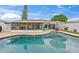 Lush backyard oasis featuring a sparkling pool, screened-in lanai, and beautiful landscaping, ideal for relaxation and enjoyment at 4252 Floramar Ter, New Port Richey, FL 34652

...

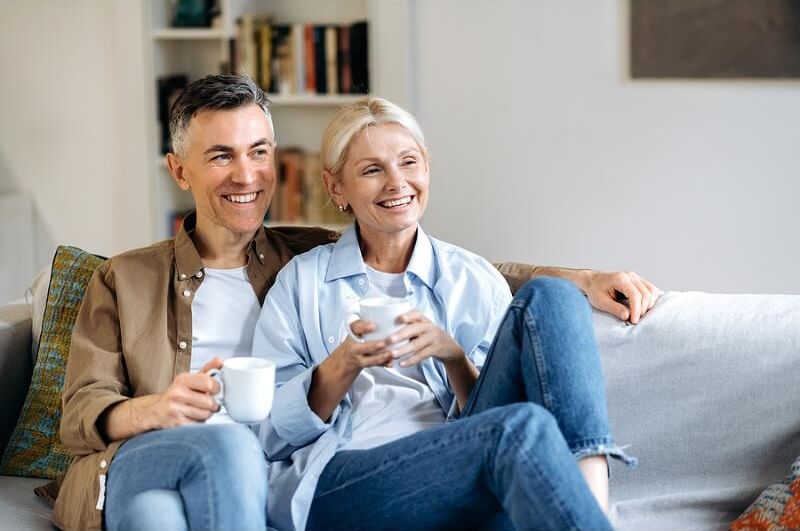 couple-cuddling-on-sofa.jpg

--

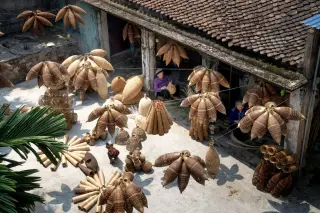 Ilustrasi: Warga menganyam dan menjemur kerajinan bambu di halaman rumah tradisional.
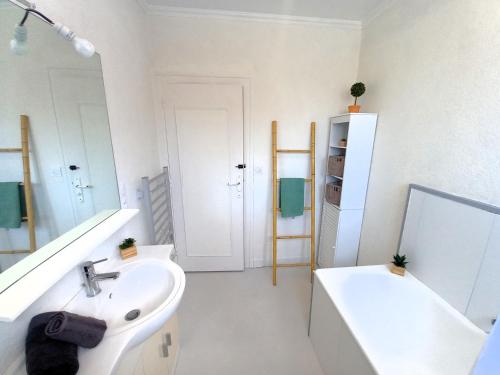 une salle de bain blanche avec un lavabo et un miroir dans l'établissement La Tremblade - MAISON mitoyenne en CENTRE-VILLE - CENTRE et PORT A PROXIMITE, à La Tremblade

- [Work task]: Your answer must be the exact lines from the records above, from the one containing "Ilustrasi: Warga menganyam" through the one containing "une salle de", both included, with every picture left out.

- [Your response]:
 Ilustrasi: Warga menganyam dan menjemur kerajinan bambu di halaman rumah tradisional.
 une salle de bain blanche avec un lavabo et un miroir dans l'établissement La Tremblade - MAISON mitoyenne en CENTRE-VILLE - CENTRE et PORT A PROXIMITE, à La Tremblade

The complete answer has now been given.